Crawled caption data
____________

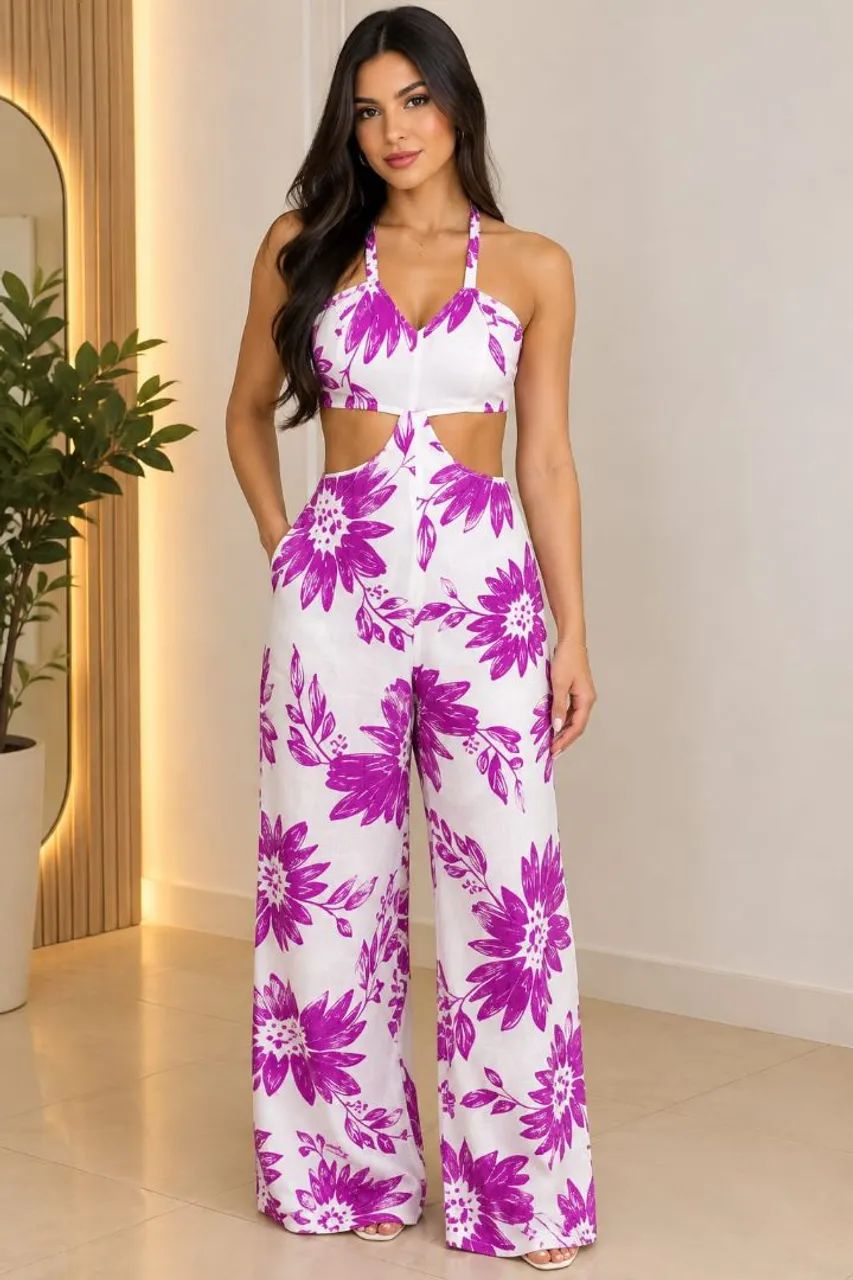 Vestidos - Foto 3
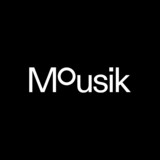 Mousik profile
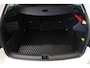 Skoda Fabia Combi 1.0 TSI Style |Camera|Navi|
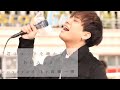 『 君はロックを聴かない 』( あいみょん ) / 髙橋一輝 2022/05/15 海老名路上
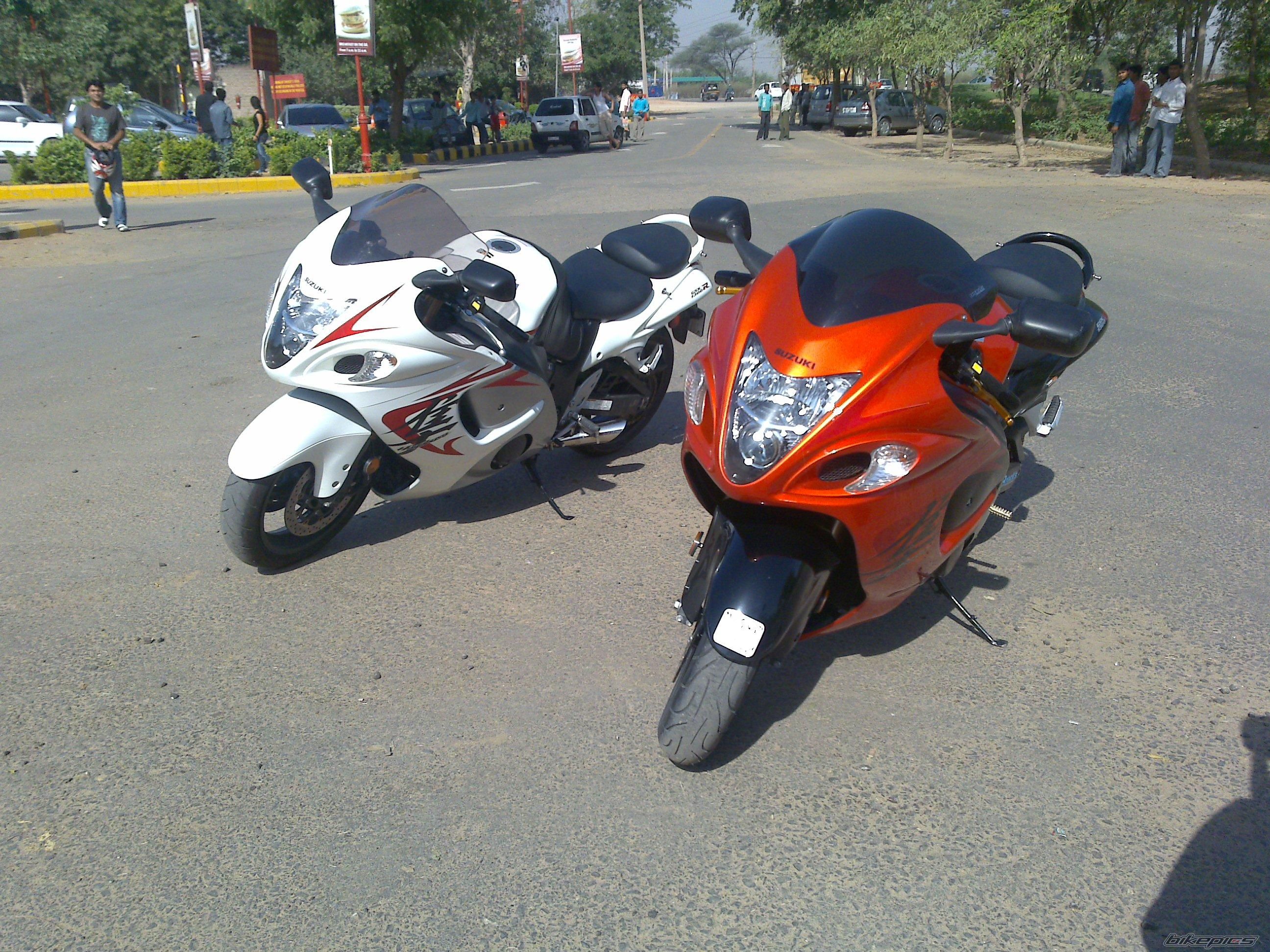 Photo 1646885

____________

# [Problem]
All entries above are to be restated exactly, with every image omitted.

# [Response area]
 Vestidos - Foto 3
 Mousik profile
 Skoda Fabia Combi 1.0 TSI Style |Camera|Navi|
 『 君はロックを聴かない 』( あいみょん ) / 髙橋一輝 2022/05/15 海老名路上
 Photo 1646885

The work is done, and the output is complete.